The digitisation of the herbarium specimens at the LWS Herbarium is a multilevel process organised in a cascade manner. This so-called 'object-to-data-to-image' workflow prioritises data extraction and enhancement to meet MIDS levels 2 and 3. Such digitisation is complicated, but allows additional access to physical specimens (once during the label photographing and, secondly, during the capture of the entire specimens), resulting in an extra step of quality control. In contrast, in the case of a linear approach, the physical specimen is usually accessed only once and the later processing is realised using its digital copy (so-called 'digital specimen'). Additional access to the specimens increases the negative load on the collection as a result of extra handling. However, it allows the revealing and early fixing of errors and gaps in data (e.g. incorrect identifications, duplicating numbers, misplaced specimens etc.) that can be overlooked in the case of digital specimen use.
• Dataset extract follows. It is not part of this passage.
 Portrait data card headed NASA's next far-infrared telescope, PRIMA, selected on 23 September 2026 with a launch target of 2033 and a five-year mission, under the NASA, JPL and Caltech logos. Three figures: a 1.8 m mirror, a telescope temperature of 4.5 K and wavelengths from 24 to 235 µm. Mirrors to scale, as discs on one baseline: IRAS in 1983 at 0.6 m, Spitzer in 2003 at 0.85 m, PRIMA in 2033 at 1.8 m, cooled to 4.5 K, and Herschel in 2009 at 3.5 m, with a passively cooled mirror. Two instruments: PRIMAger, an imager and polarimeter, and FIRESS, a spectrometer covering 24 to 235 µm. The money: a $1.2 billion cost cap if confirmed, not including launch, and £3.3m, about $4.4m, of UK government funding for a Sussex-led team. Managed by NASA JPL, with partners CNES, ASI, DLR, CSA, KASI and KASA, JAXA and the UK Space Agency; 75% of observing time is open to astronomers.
At the same time, such an approach allows early preselection of the specimens for digitisation and their extra filtering before the image of the entire specimens. Such filtering allows revealing the specimens that are out of digitisation priority, but were mistakenly considered as such. For example, if the specimen has been considered as collected in the Ukrainian Carpathians, but after detailed explorations, it appeared to be collected out of this geographic range. Hence, the cascade approach principally focuses on thematic (i.e. focused on specific taxa and certain regions) digitisation in parallel to data mobilisation, enhancement and publishing (e.g. through GBIF). Similarly to the linear approach, it allows the involvement of volunteers and non-qualified staff at certain stages. However, data-intensive strategy applied in a cascade approach requires extra involvement of specialists familiar with the plant biology (especially, nomenclature and taxonomy) and regional geography.
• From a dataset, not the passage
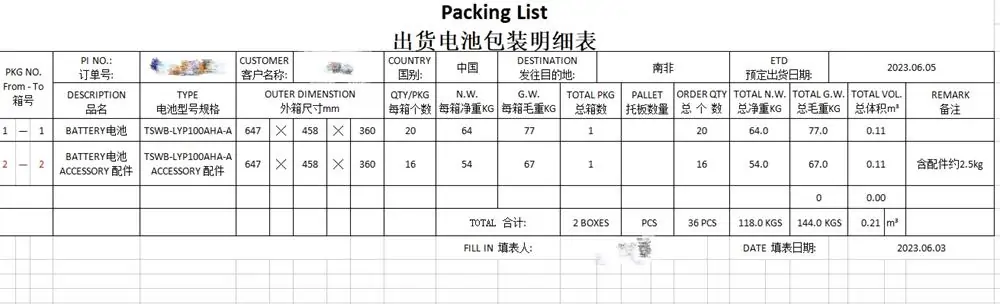 Winston 100Ah LiFePO4 Battery Packing List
The digitisation workflow described in this article and illustrated by the detailed schemas is intended to help other herbaria with limited budgets to effectively organise the digitisation and virtual publishing of the data regarding their collections. Clarifications and notes are provided on each digitisation stage aimed to help choose appropriate equipment, materials, archiving media and other technical solutions.
This paper has been prepared as part of the project “Digitisation of natural history collections damaged as a result of hostilities and related factors: development of protocols and implementation on the basis of the State Museum of Natural History of the National Academy of Sciences of Ukraine” (Nr 2022.01/0013), financed by the National Research Foundation of Ukraine in the grant programme “Science for the Recovery of Ukraine in the War and Post-War Periods”.
The supplement contains the list of the equipment, materials, software and online resources applied during the digitisation of the specimens at the LWS Herbarium.